Chapter 53,966 wordsPublic domain

Even the poor calumniated Hottentots, who were long regarded as among the lowest in the scale of being, have at length found respectable and able advocates. Among the many good qualities which the Hottentot possesses, there is one, says Mr. Barrow, of which he is master in an eminent degree, a rigid adherence to truth: he may be considered also as exempt from stealing. Sir James Craig, when he commanded at the Cape, attempted to form an African corps, in defiance of the most confident prediction of the colonists, whose prejudices against the Hottentot race were scarcely less strong than those of Mr. Long himself. “We were told,” says Sir James, “that their propensity to drunkenness was so great, we should never be able to reduce them to order or discipline; and that the habit of roving was so rooted in their disposition, we must expect the whole corps would desert, the moment they had received their clothing.” Both these charges were confuted by experience. Sir James goes on to remark, “Never were people more contented or more grateful for the treatment they now receive. We have upwards of three hundred, who have been with us nine months.

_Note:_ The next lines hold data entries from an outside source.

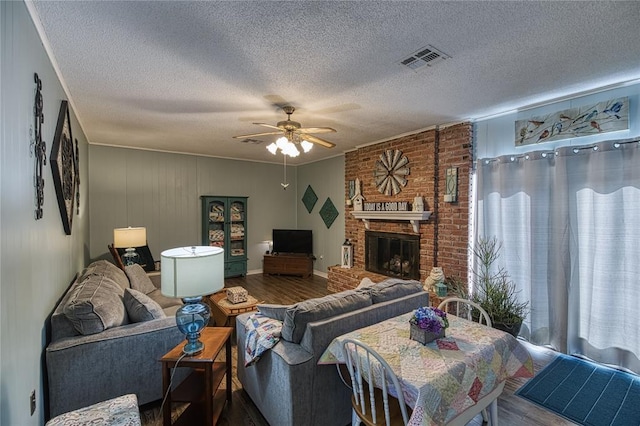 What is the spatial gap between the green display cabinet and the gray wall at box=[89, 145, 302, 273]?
23cm

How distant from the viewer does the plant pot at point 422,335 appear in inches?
68.4

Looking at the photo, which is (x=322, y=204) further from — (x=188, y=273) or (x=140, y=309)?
(x=188, y=273)

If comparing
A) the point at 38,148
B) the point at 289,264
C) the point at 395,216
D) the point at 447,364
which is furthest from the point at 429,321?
the point at 289,264

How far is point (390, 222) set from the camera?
469 centimetres

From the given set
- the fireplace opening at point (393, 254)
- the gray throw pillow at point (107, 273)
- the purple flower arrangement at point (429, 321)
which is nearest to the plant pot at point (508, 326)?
the fireplace opening at point (393, 254)

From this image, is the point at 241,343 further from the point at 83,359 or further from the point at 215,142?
the point at 215,142

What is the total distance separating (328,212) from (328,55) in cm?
429

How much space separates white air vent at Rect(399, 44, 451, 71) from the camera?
2065mm

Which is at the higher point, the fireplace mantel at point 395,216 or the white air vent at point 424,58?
the white air vent at point 424,58

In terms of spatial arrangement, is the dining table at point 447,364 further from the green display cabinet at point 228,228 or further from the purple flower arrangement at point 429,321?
the green display cabinet at point 228,228

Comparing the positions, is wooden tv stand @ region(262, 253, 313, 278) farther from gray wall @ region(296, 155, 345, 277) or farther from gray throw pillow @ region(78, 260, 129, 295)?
gray throw pillow @ region(78, 260, 129, 295)

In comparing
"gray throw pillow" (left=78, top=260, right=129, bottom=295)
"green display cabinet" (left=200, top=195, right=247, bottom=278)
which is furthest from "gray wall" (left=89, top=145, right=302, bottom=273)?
"gray throw pillow" (left=78, top=260, right=129, bottom=295)

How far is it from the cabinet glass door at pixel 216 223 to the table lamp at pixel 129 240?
1677mm

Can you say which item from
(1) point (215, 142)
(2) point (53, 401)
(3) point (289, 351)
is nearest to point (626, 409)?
(3) point (289, 351)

It is therefore with the opportunity of knowing them well, that I venture to pronounce them an intelligent race of men. All who bear arms exercise well, and understand, immediately and perfectly, whatever they are taught to perform. Many of them speak English tolerably well. Of all the qualities that can be ascribed to a Hottentot, it will little be expected I should expatiate upon their cleanliness; and yet it is certain, that at this moment our Hottentot parade would not suffer in a comparison with that of some of our regular regiments. They are now likewise cleanly in their persons; the practice of smearing themselves with grease being entirely left off. I have frequently observed them washing themselves in a rivulet, where they could have in view no other object but cleanliness.” The poor Bosjesman Hottentots are also stated as a docile, tractable people, of innocent manners, and beyond expression grateful to their benefactors.

[Sidenote: Character of Booshuana and Baroloo natives.]

Some later travellers from the Cape of Good Hope, and in the service of Government, have penetrated into the heart of Africa to a great depth, but short of the region in which the Slave Trade prevails, and the account which, both from their own knowledge and from the representations of others, they give of the natives, is still of the same encouraging kind.

[Sidenote: Character given of the Negroes by the Abolitionists witnesses.]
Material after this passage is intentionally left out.